> _Task objective_:
Print exactly and only the lines that run from the one containing "6085 Lake Lindero, Agoura Hills" through the end of the material, please, omitting pictures.

> _Supplied records_:
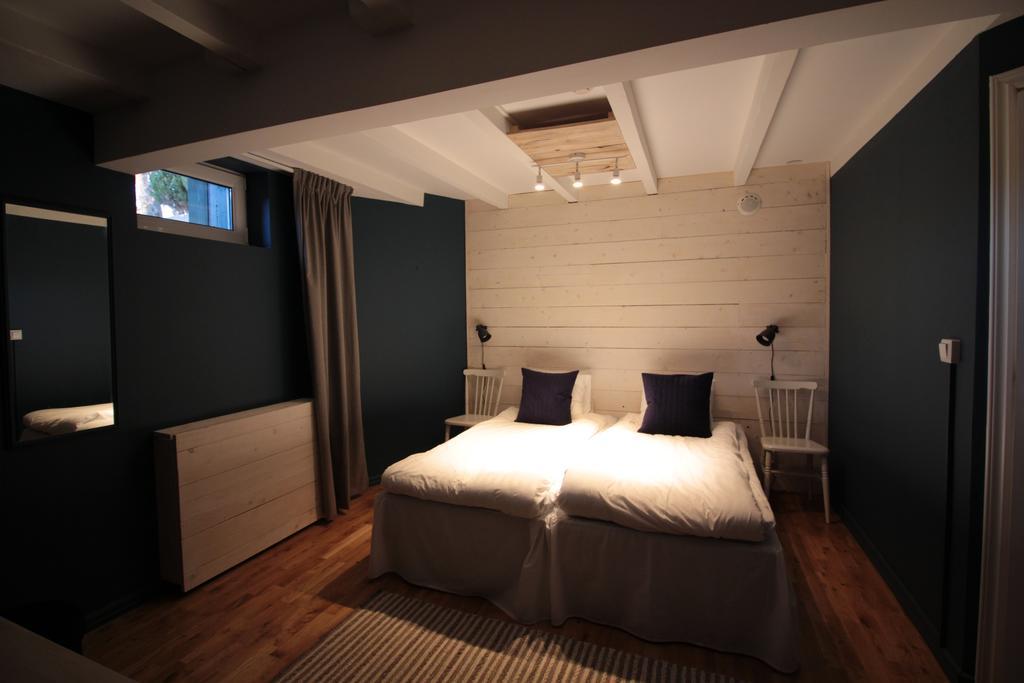 Davids Kulle Hotel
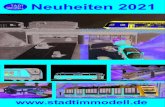 Neuheiten 2021 - Stadt im Modell...Grafiken: Stadt im Modell 167 Billstedt BIERHOLSTEN BIER 174 172Uhlenhorst S-Bahn Poppenbüttel 74 U-Bahn Fuhlbüttel Weitere, auch aktuelle Busmodelle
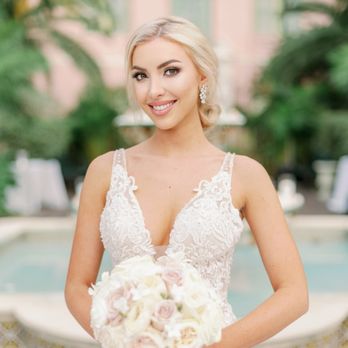 The 911 Stylist - Gorgeous Bride - Hair Stylists Near Me - Longwood, Florida The 911 Stylist - Gorgeous Bride - Hair Stylists Near Me - Longwood, Florida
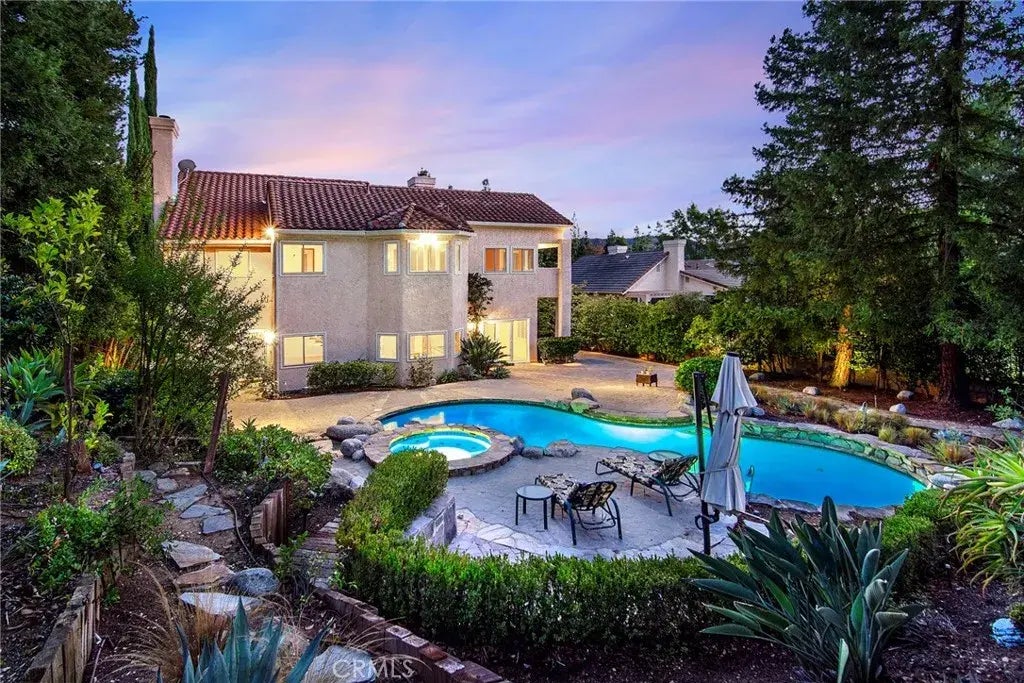 6085 Lake Lindero, Agoura Hills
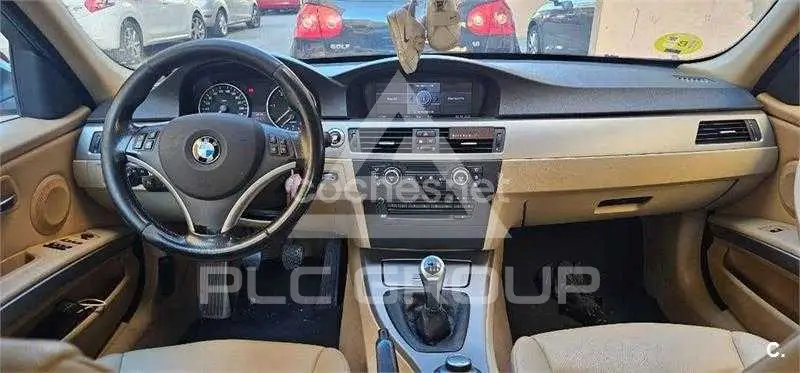 2007 BMW 3 series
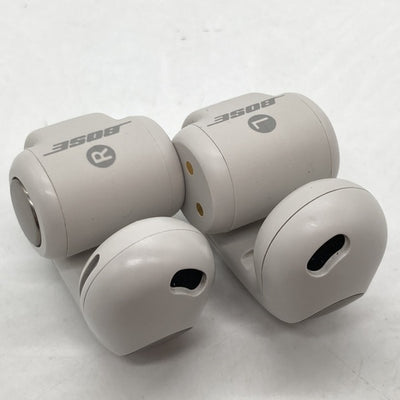 【中古】Ultra Open Earbuds White Smoke【秋葉原】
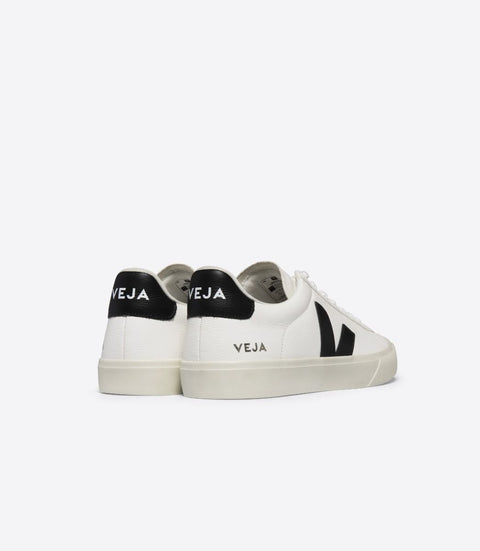 Veja Campo | Extra White Black
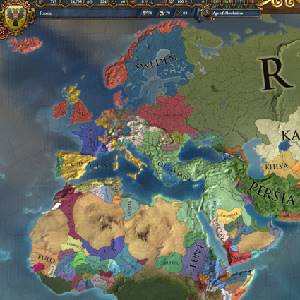 Europa Universalis 4 Ultimate Bundle - Rusia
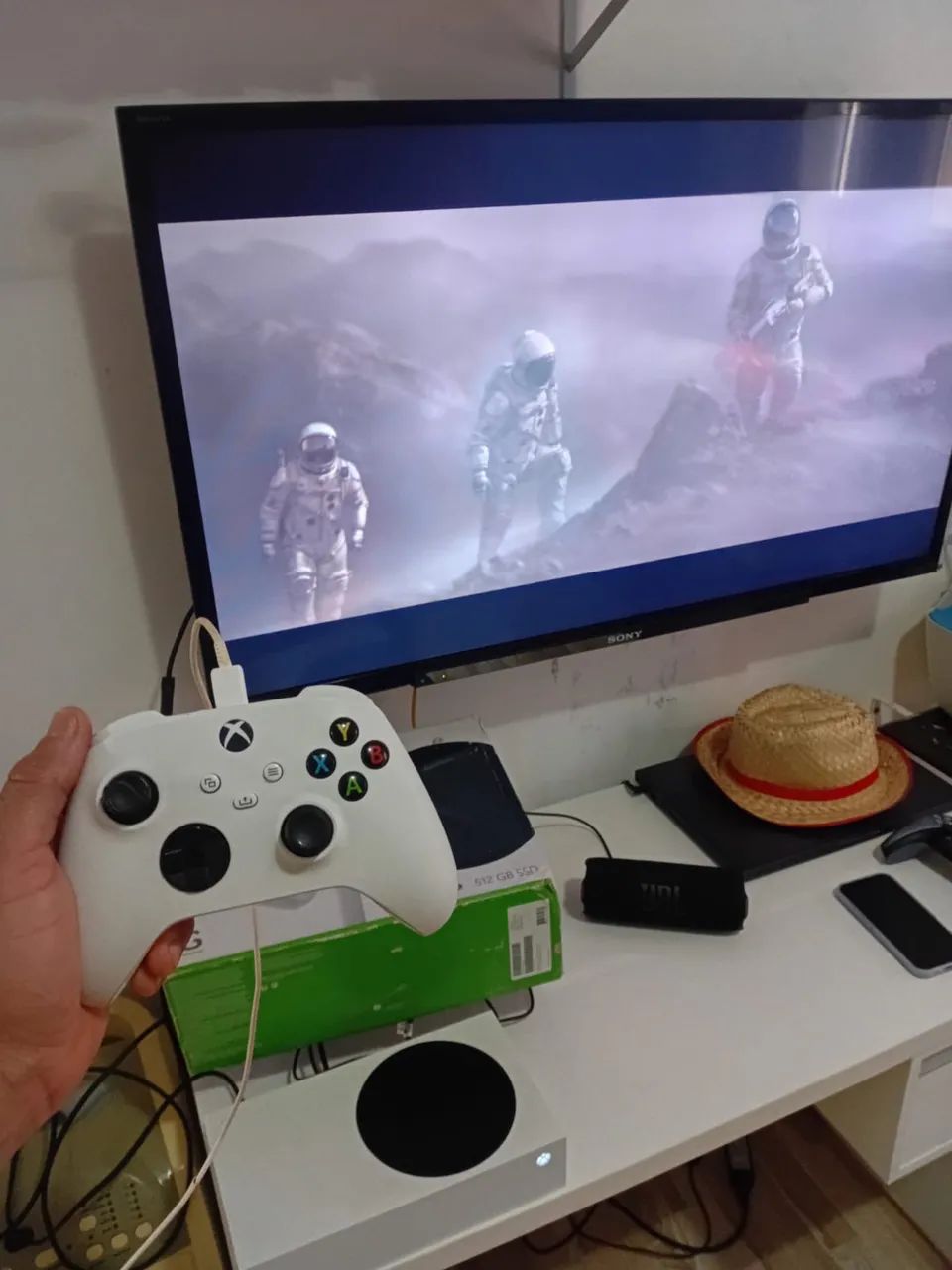 Xbox series S - Foto 2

> _Output_:
 6085 Lake Lindero, Agoura Hills
 2007 BMW 3 series
 【中古】Ultra Open Earbuds White Smoke【秋葉原】
 Veja Campo | Extra White Black
 Europa Universalis 4 Ultimate Bundle - Rusia
 Xbox series S - Foto 2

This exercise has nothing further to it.